Perhaps, in this period of a national retreat into mourning, there may come moments of reappraisal and self-assessment both as a nation and as individuals. Perhaps there may be moments of sincere seeking for divine guidance and consolement upon which mankind must ever lean in its times of extreme distress.
For Texans, there must be an added burden of bewilderment and shock because the crime was committed in one of its great metropolitan centers of pride and achievement at Dallas. But this can be only a superficial stigma, if it is a stigma at all, because such a crime is not a deed of logic or sense or locale. It had nothing to do with Texas except that this happened to be the place, and this happened to be the day and hour.
In this time of sorrow, this nation cannot but feel the depth of its need to face the demands of an early tomorrow which must surely come. The sacrifice of our president does not remove one iota of the urgency of world crisis in which this generation must spend its days, nor does it solve any of the critical domestic issues which were faced by John Fitzgerald Kennedy and which must still be faced by his survivors.

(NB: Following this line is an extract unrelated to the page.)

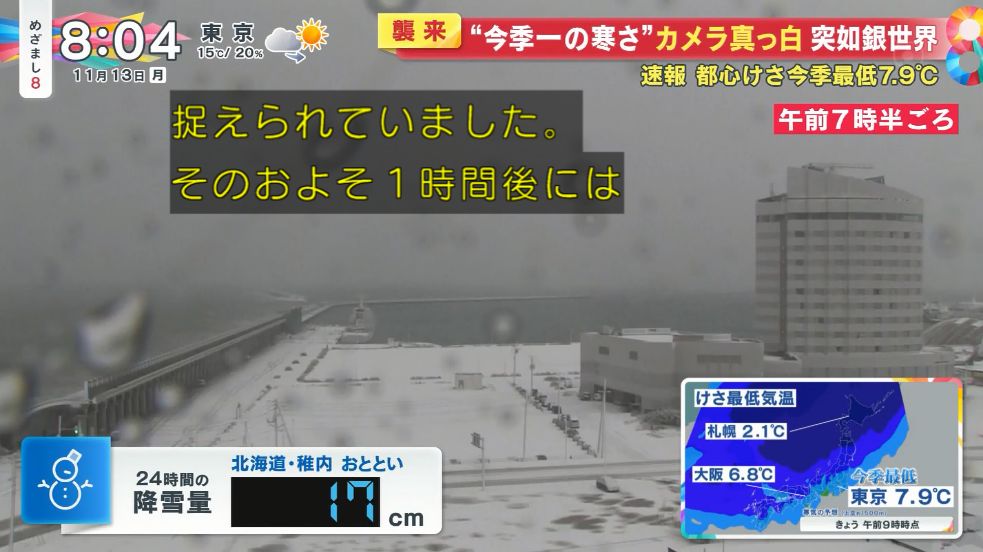 令和ちゃん(5)「今日から冬やな」 1時間で雪景色にするの怖い 関東でも山際なら全然あり得る そろそろスタッドレス準備しないとだなぁ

To Lyndon Baines Johnson, a native son of the Texas Hill Country, has fallen a challenge and a responsibility as great as ever befell any presidential successor in the history of this nation.
A great many of us in Texas, because this is where he comes from, know President Johnson intimately and well. To those of us who know him best, there is a confidence that the challenge and the responsibility will be met in full.
There is a further note of encouragement, and it is a fact: No vice president in the history of this country was ever better prepared, better advised on all the ins and outs of foreign involvements and domestic problems, than Lyndon B. Johnson.
Our new president will need the help, the confidence and the understanding of all of us in the difficult days of transition that lie immediately ahead. That we are ready to give in full measure.